THe difference is that the 7.3 in the Internationals is de-tuned substantially for longevity. I doubt you'll find one with more than 170 hp & 375 foot lbs. of torque, which is a far cry than what they were putting in Ford pick-ups. Add an Alison tranny behind it that eats up 30-50 HP and they become a dog.

If you're only looking to haul a few yards in the bed OR haul 10 K on a trailer, it should do OK, just don't expect it to do both at the same time...........


----------



## IMAGE (Oct 21, 2007)

jomama45;1507602 said:


> THe difference is that the 7.3 in the Internationals is de-tuned substantially for longevity. I doubt you'll find one with more than 170 hp & 375 foot lbs. of torque, which is a far cry than what they were putting in Ford pick-ups. Add an Alison tranny behind it that eats up 30-50 HP and they become a dog.
> 
> If you're only looking to haul a few yards in the bed OR haul 10 K on a trailer, it should do OK, just don't expect it to do both at the same time...........


I towed 11,000 lbs with mine at 60-65 with no issues or lack of power IMO. It is the 5 speed manual though. Not a race car by any means, and I didn't have any substantial hills on the interstate to deal with. I did get 12mpg also which was great IMO too. I'm sure you're correct though that If I would of had a load on the truck too then it would of been a dog.


----------



## DLMINC (Nov 6, 2011)

I've got an 1999 and 2000 4700 lpx with the auto and 444. I put a plug and play chip in them for around $300 each. We can hual 5-6 yards of soil without any issues. We can haul our tag trailer with the Deere 6330 with no prolblems. the trailer and Deere weigh about 14,000#. I'd never get a different medium duty truck.


----------



## alldayrj (Feb 28, 2010)

^^this is what i like to hear^^
Any pics of your setup?


----------



## DLMINC (Nov 6, 2011)

*4700 lpx*

Here is the 2000 4700 lpx with an Blizzard 8611 LP. It also has a central hydo under tailgate salter. With the plug and play chip for $300 it has all the power it needs. You need for a 10,500# truck when empty.


----------



## DLMINC (Nov 6, 2011)

Sorry about that, I hope you can stand on your head. :laughing:


----------



## DLMINC (Nov 6, 2011)

Lets hope this pic is better.


----------



## Banksy (Aug 31, 2005)

I'd love to plow in that truck. Cool rig.


----------



## DLMINC (Nov 6, 2011)

Banksy;1507785 said:


> I'd love to plow in that truck. Cool rig.
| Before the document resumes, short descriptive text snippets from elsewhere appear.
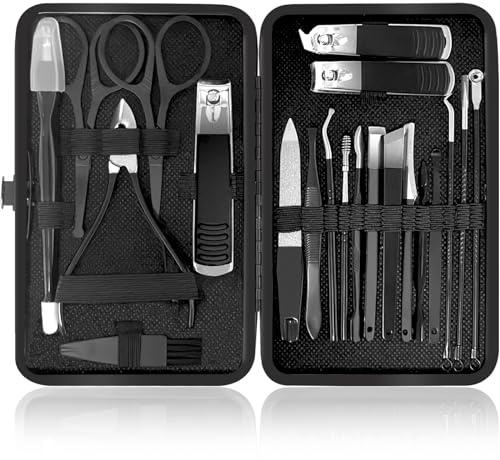 Manicure Set 21 Pcs Professional Pedicure Kit Nail Clippers Set Stainless Steel Care Tools Grooming Kit With Travel Case Cuticle Remover Toe Toenail Cutter Set For Thick Nails Men Women Gift (Black)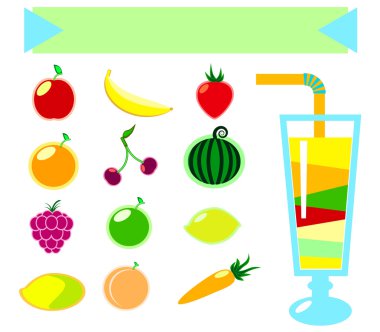 Yaz meyve ve smoothie cam düz stil vektör illüstrasyon metin için yer ile beyaz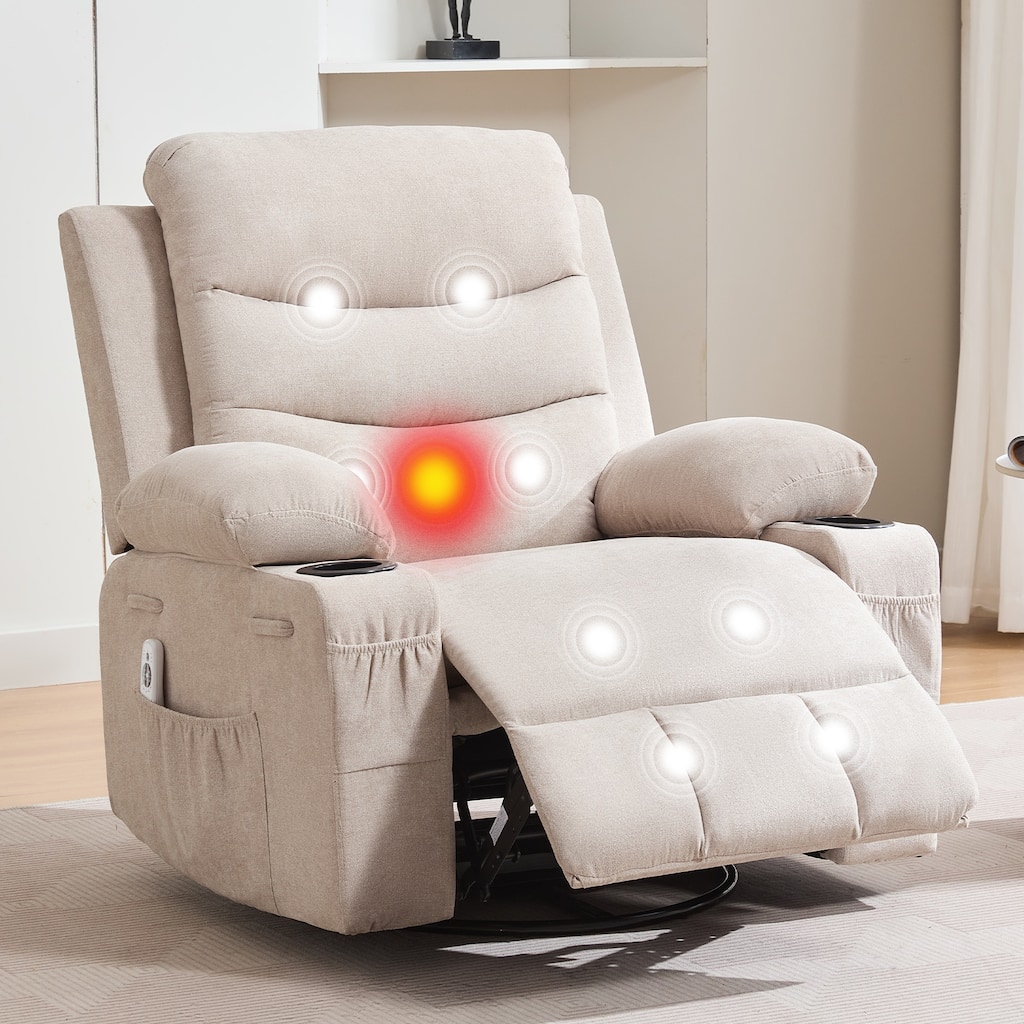 Swivel Rocker Recliner Chair with Massage and Heat, Oversized Reclining Sofa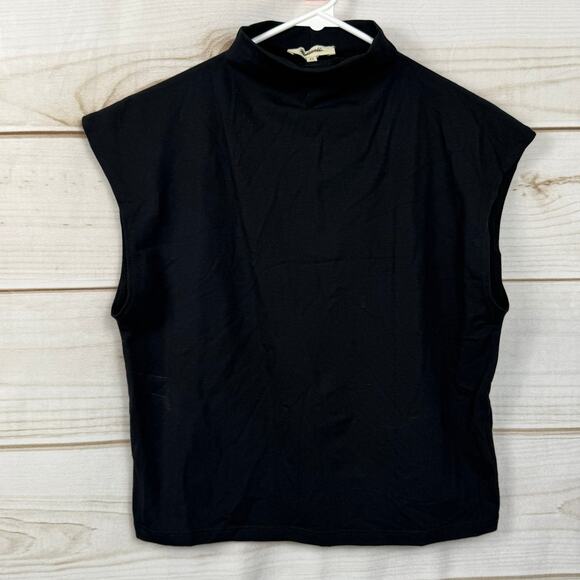 Madewell True Black Funnelneck Cropped Muscle Tee Size XL - Picture 5 of 13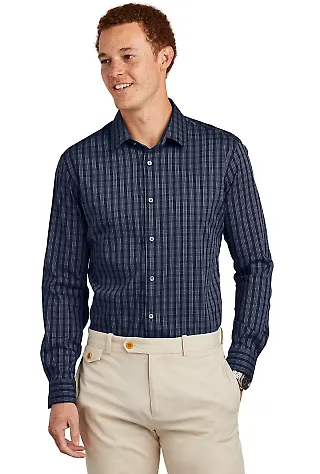 Brooks Brothers BB18006 Tech Stretch Patterned Sh in Nblr/wgdck front view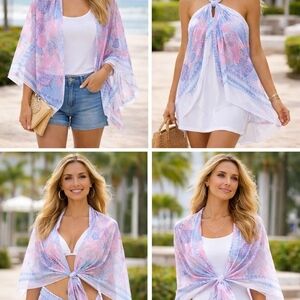 Lilly Pulitzer Pink and Blue Seashell Sarong Big Scarf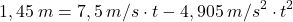 \[1,45\:m=7,5\:m/s\cdot t-4,905\:m/s^2\cdot t^2\]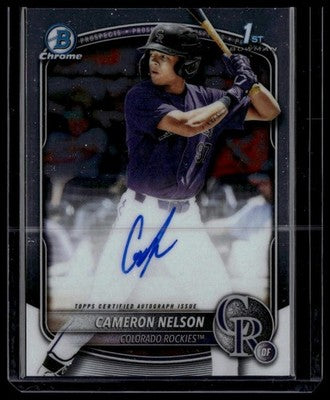2025 Bowman Draft #CPA-CN Cameron Nelson Chrome Prospect Autographs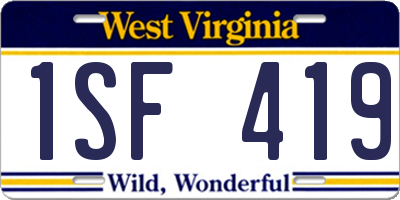 WV license plate 1SF419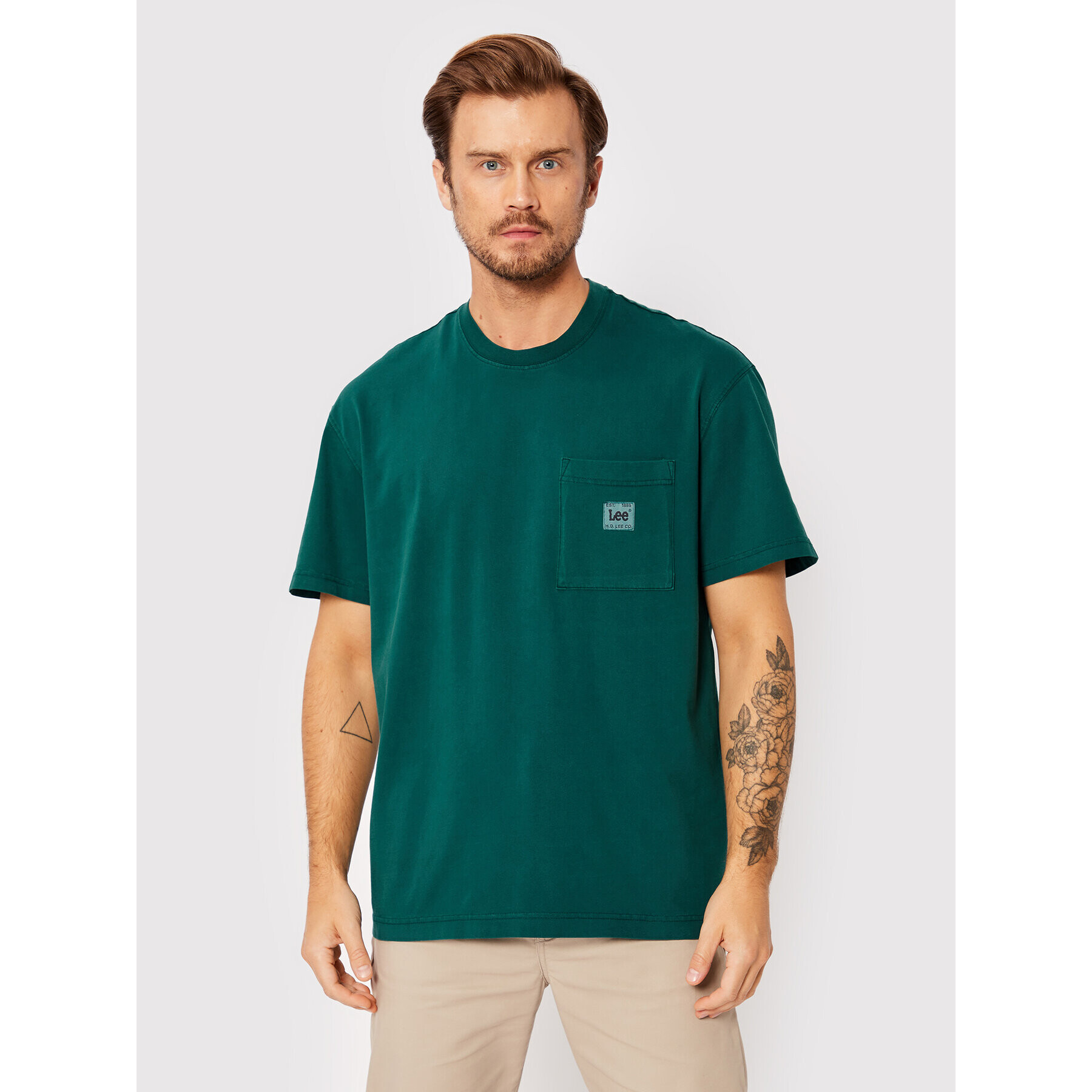 Lee Tricou Pocket L69QCO96 Verde Loose Fit - Pled.ro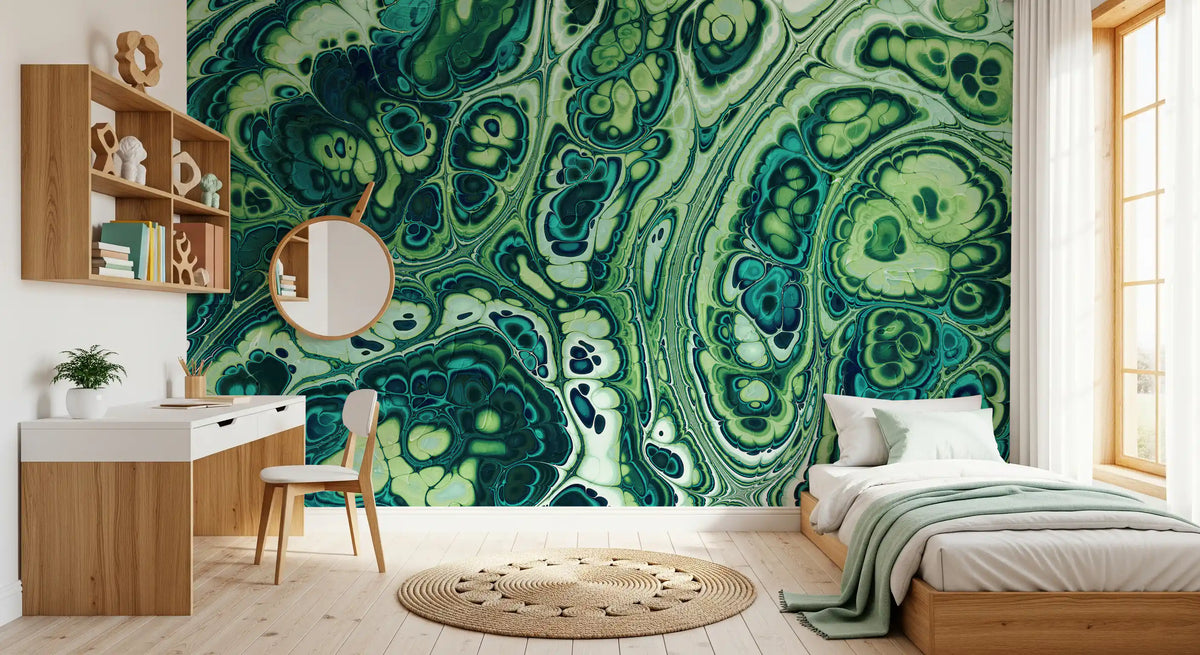 Emerald Ocean Marble Abstract Wall Mural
It's worthless with out weight for plowing. I usally top off with salt before I plow. 10k for the truck plus 6 ton of salt...22k. It's a tank. You have to take it easy on the tranny, at least I do, scared to tear it up.


----------



## IMAGE (Oct 21, 2007)

DLMINC;1507782 said:


> Lets hope this pic is better.


Very nice truck!!!


----------



## SDLandscapes VT (Dec 17, 2008)

alldayrj

http://careytruckequipment.com/

gets those lpx trucks from time to time and they are pretty good to deal with--since they are a builder you can get it setup just the way you need it right at time of purchase


----------



## alldayrj (Feb 28, 2010)

i'll give you 15k tomorrow for that thing, its beautiful! just what I want.

what chip did you get? link?


----------



## alldayrj (Feb 28, 2010)

speak now or forever hold your peace, I finally convinced dad to go look at this truck tomorrow. only negative is it is experiencing some phantom dashboard electrical problems that seem to be standard for internationals.
http://newjersey.craigslist.org/cto/3360156372.html


----------



## IMAGE (Oct 21, 2007)

alldayrj;1509557 said:


> only negative is it is experiencing some phantom dashboard electrical problems that seem to be standard for internationals.
> ]


Dash lights only working intermittantly? Both of my Internationals do it also. On the one I think it _might_ be the dimmer switch. I haven't looked into it though.


----------



## DLMINC (Nov 6, 2011)

My two trucks also cut in and out on the dash. No big deal


----------



## alldayrj (Feb 28, 2010)

Ok I'll let you guys know if i go today


----------



## jomama45 (Dec 25, 2008)

alldayrj;1509557 said:


> speak now or forever hold your peace, I finally convinced dad to go look at this truck tomorrow. only negative is it is experiencing some phantom dashboard electrical problems that seem to be standard for internationals.
> http://newjersey.craigslist.org/cto/3360156372.html


Looks like a good truck with a nice box, for a fair price. I'd say go for it...........



DLMINC;1509579 said:


> My two trucks also cut in and out on the dash. No big deal


One of mine does it as well, any idea what causes it?


----------



## StuveCorp (Dec 20, 2005)

RJ, looking forward to hearing your impressions after a test drive.


----------



## alldayrj (Feb 28, 2010)

Well it drove awesome. Great turning radius and seemed like it had enough power HOWEVER it was unloaded. Dump body and underside cab and fiberglass we're really clean. I walked away because it had oil on the top of the motor, oil pan, and all over the tranny pan. When i told him i would need to have my mechanic look at it he also said the price went up 1000 to 13000. WTF you could have told me before i drive 1.5 hrs. I think its worth the price but i don't want him to have my fat roll of 100s. Little does he know i had cash in my pocket and license plates in my pickup. I hope he never sells it and 10 c list retards call him daily


----------



## StuveCorp (Dec 20, 2005)

alldayrj;1509988 said:


> Well it drove awesome. Great turning radius and seemed like it had enough power HOWEVER it was unloaded. Dump body and underside cab and fiberglass we're really clean. I walked away because it had oil on the top of the motor, oil pan, and all over the tranny pan. When i told him i would need to have my mechanic look at it he also said the price went up 1000 to 13000. WTF you could have told me before i drive 1.5 hrs. I think its worth the price but i don't want him to have my fat roll of 100s. Little does he know i had cash in my pocket and license plates in my pickup. I hope he never sells it and 10 c list retards call him daily


He is just goofy to pull that, must be scared of something? I know everyone brags the 7.3 up but it can be spendy to fix. If nothing else you got to try it out and have a better feeling of it.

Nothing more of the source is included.